How do we interact in immersive virtual reality?

What does the research tell us about the importance of avatars in VR experiences?

When NASA began to use VR to train astronauts as far back as the 1980s it recognised just how important immersion is to achieve best results.

This video of NASA VR training is over 30 years old.  It shows that the basic form of head-mounted VR displays hasn't changed that much in years.  Professor Anthony Steed of UCL thinks that in the rush to deliver more content, developers and engineers are in danger of overlooking some of the basic science about what works in VR environments.  He shared his thoughts on the importance of 'embodied cognition' in virtual environments in the first 2017 Whitehead Lecture, held at Goldsmiths College, University of London.

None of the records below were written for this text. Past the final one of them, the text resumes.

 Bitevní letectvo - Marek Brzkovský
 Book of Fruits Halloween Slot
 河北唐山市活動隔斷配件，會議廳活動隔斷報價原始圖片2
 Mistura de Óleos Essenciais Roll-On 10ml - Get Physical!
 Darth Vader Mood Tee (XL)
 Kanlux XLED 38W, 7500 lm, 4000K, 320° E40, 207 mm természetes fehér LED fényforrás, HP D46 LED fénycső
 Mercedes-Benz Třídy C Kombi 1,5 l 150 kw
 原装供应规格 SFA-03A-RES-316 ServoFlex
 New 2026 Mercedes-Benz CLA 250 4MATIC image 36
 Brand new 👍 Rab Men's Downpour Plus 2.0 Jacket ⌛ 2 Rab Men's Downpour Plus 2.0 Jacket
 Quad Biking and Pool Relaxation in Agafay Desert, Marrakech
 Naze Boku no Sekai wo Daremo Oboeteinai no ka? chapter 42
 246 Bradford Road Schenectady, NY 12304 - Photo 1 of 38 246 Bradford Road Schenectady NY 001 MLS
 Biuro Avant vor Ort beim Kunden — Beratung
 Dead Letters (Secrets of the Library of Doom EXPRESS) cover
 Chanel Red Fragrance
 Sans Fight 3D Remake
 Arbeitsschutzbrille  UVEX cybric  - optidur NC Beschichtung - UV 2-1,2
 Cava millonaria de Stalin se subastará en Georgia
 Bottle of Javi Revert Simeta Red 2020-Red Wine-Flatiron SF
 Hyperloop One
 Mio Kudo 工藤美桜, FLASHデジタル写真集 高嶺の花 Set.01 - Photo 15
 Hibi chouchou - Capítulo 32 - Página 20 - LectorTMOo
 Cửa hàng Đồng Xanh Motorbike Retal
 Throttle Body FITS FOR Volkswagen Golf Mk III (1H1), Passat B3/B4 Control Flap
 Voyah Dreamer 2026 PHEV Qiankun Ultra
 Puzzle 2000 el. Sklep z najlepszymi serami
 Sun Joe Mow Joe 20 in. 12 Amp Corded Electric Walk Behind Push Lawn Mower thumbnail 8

There are many ways to assess the 'success' of VR environments.  You can measure people's cognitive and emotional responses.  You can observe their behaviour or monitor their performance of tasks. Or you can simply ask them how they felt.  And you can measure the impact that 'self-representation' (or the use of avatars or other representations of the physical self) has on people’s performance in virtual environments.

Embodiment and the rubber hand illusion

The rubber hand illusion (in which a person can be tricked into believing a rubber hand is their own – and will react if the hand is harmed or threatened) can be replicated in virtual reality.  A significant proportion of people will attempt to pull away a threatened limb in a virtual environment.

Avatars help cognition

Research shows that in cognitive/memory tests, the use of a self-avatar and the ability to move [virtual] hands, significantly enhances task performance.

Why does VR work – and what next?

The research shows that VR works because the brain is plastic and can cope with – and adapt to – unrealistic environments.  And that avatars are important to help immerse us in the environment. Yet there's still a lot of work to be done to address a range of technical challenges.

  • Engineering – we need higher quality displays; lower latency and more tracking
  • User experience – more work to be done on mixed realities, augmented realities and environmental capture
  • Content capture – we must get to a point when capturing 3D content is as easy (and democratic) as capturing video is now.

Professor Anthony Steed is head of the Virtual Environments and Computer Graphics (VECG) group at University College London.

The Whitehead Lectures are organised by Goldsmith College's Departments of Computing and Psychology to explore diverse aspects of cognition, computation and culture.